TASK STATEMENT: Tally the lines of the listing that contain the word "with", then give the total and nothing else.

INPUT DATA:
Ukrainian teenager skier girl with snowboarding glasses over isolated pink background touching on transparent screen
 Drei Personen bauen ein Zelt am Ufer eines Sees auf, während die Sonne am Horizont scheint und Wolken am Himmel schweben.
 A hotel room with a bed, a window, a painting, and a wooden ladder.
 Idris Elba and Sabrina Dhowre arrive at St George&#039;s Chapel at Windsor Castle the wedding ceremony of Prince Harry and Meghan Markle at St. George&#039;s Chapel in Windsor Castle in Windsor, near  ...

ANSWER: 2